*EXERCISE DIRECTIONS*
Scan the data below for lines containing the string "Чехол" and give only how many there are.

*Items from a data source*
=====

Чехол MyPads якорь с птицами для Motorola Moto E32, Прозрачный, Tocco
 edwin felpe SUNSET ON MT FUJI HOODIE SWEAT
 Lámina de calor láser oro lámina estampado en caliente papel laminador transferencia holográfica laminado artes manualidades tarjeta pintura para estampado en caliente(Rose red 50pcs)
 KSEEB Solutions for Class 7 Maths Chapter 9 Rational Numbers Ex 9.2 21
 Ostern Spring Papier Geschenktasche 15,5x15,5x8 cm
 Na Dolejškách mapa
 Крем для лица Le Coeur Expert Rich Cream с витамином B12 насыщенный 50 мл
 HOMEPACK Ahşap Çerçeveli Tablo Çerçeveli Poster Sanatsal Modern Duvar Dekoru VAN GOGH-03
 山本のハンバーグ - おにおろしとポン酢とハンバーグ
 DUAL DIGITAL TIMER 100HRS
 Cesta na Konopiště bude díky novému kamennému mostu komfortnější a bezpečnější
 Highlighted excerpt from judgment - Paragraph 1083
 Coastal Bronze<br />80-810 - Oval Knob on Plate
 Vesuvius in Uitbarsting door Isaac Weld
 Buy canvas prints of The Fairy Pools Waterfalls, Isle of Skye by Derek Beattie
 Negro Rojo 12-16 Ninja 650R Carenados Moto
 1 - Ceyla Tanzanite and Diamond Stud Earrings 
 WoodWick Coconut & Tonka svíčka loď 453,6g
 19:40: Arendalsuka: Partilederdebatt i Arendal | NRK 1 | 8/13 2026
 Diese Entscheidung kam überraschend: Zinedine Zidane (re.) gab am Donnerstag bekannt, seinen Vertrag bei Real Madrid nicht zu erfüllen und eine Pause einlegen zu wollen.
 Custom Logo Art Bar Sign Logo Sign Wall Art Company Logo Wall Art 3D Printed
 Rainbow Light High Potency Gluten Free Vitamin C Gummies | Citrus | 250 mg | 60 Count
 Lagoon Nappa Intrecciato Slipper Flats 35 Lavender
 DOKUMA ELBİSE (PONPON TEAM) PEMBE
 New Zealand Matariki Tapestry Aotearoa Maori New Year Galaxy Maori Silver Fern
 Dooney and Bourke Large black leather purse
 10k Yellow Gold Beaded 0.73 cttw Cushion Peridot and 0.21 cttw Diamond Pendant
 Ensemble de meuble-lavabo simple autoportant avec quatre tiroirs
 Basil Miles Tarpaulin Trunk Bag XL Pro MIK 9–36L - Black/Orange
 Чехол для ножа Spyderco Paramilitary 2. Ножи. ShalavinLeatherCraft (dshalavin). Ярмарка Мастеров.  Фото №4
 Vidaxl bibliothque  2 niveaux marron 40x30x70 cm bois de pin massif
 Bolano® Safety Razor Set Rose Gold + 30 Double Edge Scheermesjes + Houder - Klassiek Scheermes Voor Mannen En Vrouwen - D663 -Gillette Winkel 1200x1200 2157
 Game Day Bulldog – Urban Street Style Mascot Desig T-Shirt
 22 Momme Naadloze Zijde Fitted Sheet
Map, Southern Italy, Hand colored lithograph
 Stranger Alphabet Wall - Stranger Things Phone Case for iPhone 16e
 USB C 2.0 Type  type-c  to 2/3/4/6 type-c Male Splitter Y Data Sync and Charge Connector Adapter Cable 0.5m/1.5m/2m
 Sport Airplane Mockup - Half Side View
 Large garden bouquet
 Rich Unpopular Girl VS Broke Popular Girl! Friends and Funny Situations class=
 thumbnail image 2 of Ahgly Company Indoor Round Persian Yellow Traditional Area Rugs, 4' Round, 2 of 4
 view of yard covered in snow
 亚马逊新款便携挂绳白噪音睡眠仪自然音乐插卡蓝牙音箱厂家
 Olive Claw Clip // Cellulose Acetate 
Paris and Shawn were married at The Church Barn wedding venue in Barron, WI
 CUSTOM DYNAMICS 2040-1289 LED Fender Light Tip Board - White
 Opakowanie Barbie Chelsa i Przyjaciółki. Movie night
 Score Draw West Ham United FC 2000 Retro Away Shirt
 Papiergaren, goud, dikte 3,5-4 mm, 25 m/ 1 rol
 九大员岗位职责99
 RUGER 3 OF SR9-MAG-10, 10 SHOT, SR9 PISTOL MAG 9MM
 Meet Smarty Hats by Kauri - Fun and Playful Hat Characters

=====

*SOLUTION FOR THIS PROBLEM*
2